Many still exist as genuine mint or used stamps, or used on original
cover. A fine MUH sheetlet generally sells for about $A20,000 these
days. The fresh MUH one illustrated nearby I sold for $15,000 recently.
I do not charge that for most MUH £2 Roos!
Rupert Henry Sainsbury enlisted in WW2 as an officer,
aged 44, living in Kelvin Grove, Queensland at the time, on 5/7/40, and
was discharged 8/12/44 as a Lieutenant Colonel, in the Australian
Corps of Signals.
The records show that
the "On Active Service" censored mail was written January 10 and
11, 1919 in the Middle East, and was collected from the AIF 1st
Australian Wireless Squadron ex Baghdad. This "OAS" troop
mail was then handed to their Brigadier - General MacEwen.
t then took near 3 more months for his letter to arrive in Melbourne,
where the "26 February, 1920" date-stamps were all applied to the
hastily affixed Vignette "stamps", and all handed over personally to
Prime Minister Hughes, and then delivered via normal mail, under
separate Post Office outer cover.
The Frommer Ross Smith flights handbook above says 29 covers are
recorded in total signed by Sargeant Jim Bennett. He tragically died 2
years later. It is of course also an “O.A.S.” (On Active
Service) cover ex Baghdad, that AAMC says only 26 covers are recorded as
originating from.
As can readily be seen from the detailed service records and movements I
link to on War Memorial website above, Lance Corporal Rupert Sainsbury
was in "Baghdad" from 18-9-18, then "Basrah" - returning to Bombay on
5/3/19, then was shipped home to Sydney.
“Persian Road,
Persia. 1917-12. Informal group portrait of operators with the 1st
Wireless Signal Squadron and Russian Partisans (Partizanski) on the
Persian Highway. The Russian detachment consisted of volunteers from
different regiments under the command of Bicherakov who had chosen to
continue to assist the Mesopotamian Expeditionary Force after the
Russian Revolution. They had with them a mobile wireless station. A
party from No. 1 Wireless Signals Squadron was sent to handle traffic in
English. (Donor R. Sainsbury)”
I love postal
history - this First Flight cover takes on a totally new depth and life,
when a few hours research are expended. Written on active service in the
deserts of Persia in WWI, hand carried to India by Commanding Officer,
then on to the UK via Ross Smith. Then 18 months later it arrived in
NSW, via this most famous of all flights.
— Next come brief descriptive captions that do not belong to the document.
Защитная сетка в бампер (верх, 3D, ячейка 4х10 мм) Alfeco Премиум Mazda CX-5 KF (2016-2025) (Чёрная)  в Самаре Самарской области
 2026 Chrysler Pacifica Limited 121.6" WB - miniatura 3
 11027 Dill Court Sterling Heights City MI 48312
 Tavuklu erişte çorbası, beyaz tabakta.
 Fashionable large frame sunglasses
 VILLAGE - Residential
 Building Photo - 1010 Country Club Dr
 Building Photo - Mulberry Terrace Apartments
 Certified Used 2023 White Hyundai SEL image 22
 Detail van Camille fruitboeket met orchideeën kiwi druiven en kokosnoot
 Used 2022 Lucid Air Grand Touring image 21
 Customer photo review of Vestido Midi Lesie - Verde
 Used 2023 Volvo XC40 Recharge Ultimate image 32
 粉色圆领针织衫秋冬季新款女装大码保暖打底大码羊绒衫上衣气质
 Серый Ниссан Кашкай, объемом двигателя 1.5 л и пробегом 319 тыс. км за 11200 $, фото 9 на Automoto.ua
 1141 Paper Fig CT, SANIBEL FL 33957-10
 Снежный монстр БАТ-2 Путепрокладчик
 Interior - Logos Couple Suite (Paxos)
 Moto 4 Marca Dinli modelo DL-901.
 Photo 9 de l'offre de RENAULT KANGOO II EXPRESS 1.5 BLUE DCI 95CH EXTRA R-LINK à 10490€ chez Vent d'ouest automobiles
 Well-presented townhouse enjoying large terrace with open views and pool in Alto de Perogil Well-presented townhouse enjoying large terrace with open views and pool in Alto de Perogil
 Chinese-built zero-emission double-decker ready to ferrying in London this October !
Canada issued on August 13th, the first in a set of 3 stamp
shape $20 coins, with a perforated edge, made from 99.99% pure silver,
weighing 31.86 grams. The other 2 stamp/coins in this trio will be
issued in October and December, 2018.
This 3¢ brown/carmine “CONFEDERATION” coin is first in a Limited
Edition series of 5000 sets of 3, and travels back in time to 1927 to
reproduce a stamp initially issued for Canada’s Diamond Jubilee. A very
classy job it seemed to me, looking at their website. Sets 3 can be
pre-ordered.
The engraved reproduction of the 1927 stamp is near as detailed as the
original. Complete with horizontal lines that were the hallmark of
intaglio printing, or line engraving - one of the oldest methods of
stamp production. More detail here -
tinyurl.com/StampsRCM
The next in the series issued October, will be the 20c brown top value
of the 1908 Quebec Tercentenary set, SG 195, depicting Jacques Cartier
entering Quebec Harbour - a stamp design I have always really loved, and
I show that coin/stamp design with simulated perfs nearby.